Differences between majority Democrats and minority Republicans have come to the surface as the Oregon House moves to a vote on legislation that builds on Oregon’s 2017 law ensuring access to abortion and other reproductive and gender-affirming health care.

Every Democrat on the joint budget committee voted Thursday to send House Bill 2002 for a vote of the full House — and every Republican, including its leaders in both chambers, voted against it.

The bill emerged from a work group convened last year by House Speaker Dan Rayfield, D-Corvallis, before the U.S. Supreme Court officially overturned abortion as a federal constitutional right granted by the 1973 Roe v. Wade decision and returned the issue to states. But Rayfield did so after a draft opinion by Justice Samuel Alito leaked.

Oregon lawmakers removed criminal penalties for abortion in 1969 — four years before the U.S. Supreme Court legalized abortion — and voters rejected six ballot initiatives between 1978 and 2018 to restrict abortion or ban public funding. Oregon began public funding of abortions in 1977, the year after Congress put most abortions off-limits for federal funds.

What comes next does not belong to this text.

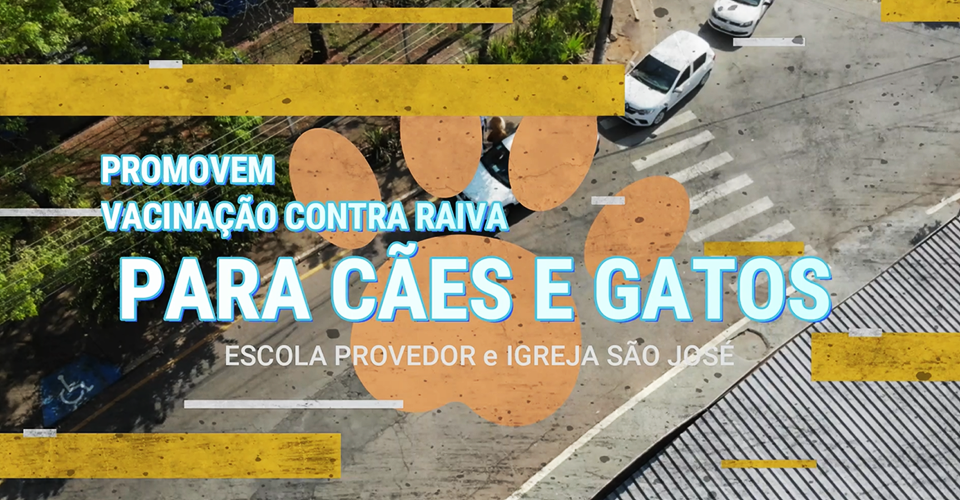 1° Dia de Campanha de vacinação Cães e Gatos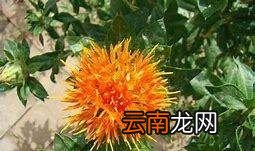 哪种人不适合吃藏红花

House Majority Whip Andrea Valderrama, a Democrat from East Portland, will be the floor manager for HB 2002 when it comes up for a vote in late April or early May. She also sits on the budget committee. Though Republican lawmakers and governors in other states have moved to restrict or ban abortions, Democratic lawmakers have gone the other way — and Valderrama said that is because Oregonians have weighed in.

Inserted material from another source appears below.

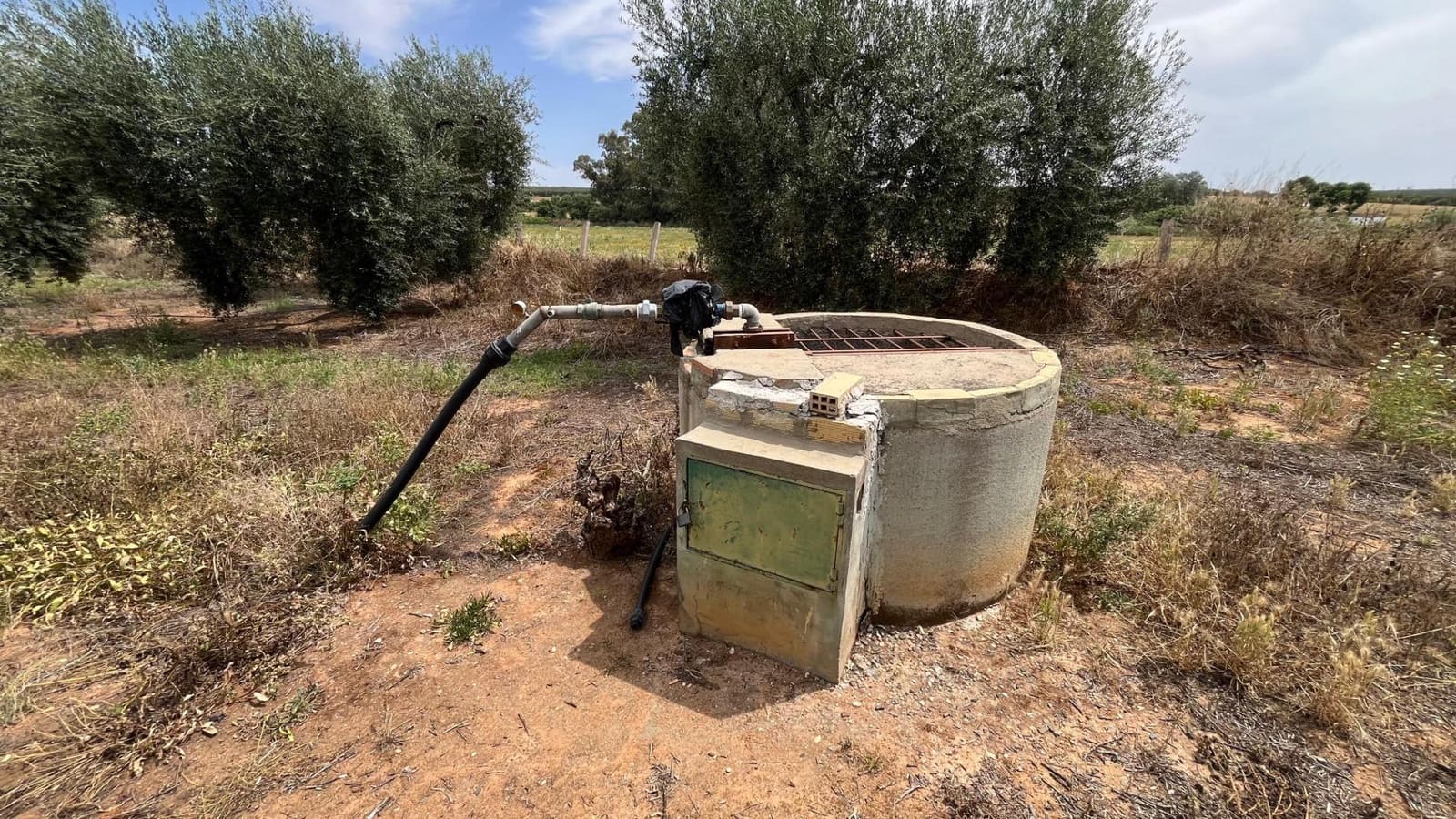 Ubebygd land til salgs i Pilas - € 60 000 (Ref: 9865254)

“Time and time again, Oregonians have made this a priority on our ballots, in emails and phone calls,” Valderrama said after the committee vote. The bill would create a new crime of interference with a health care facility, set maximum penalties of 364 days in jail — one day short of a felony qualifying for state prison — and a fine of $6,250, and empower individuals to go to court to enforce their rights under the law.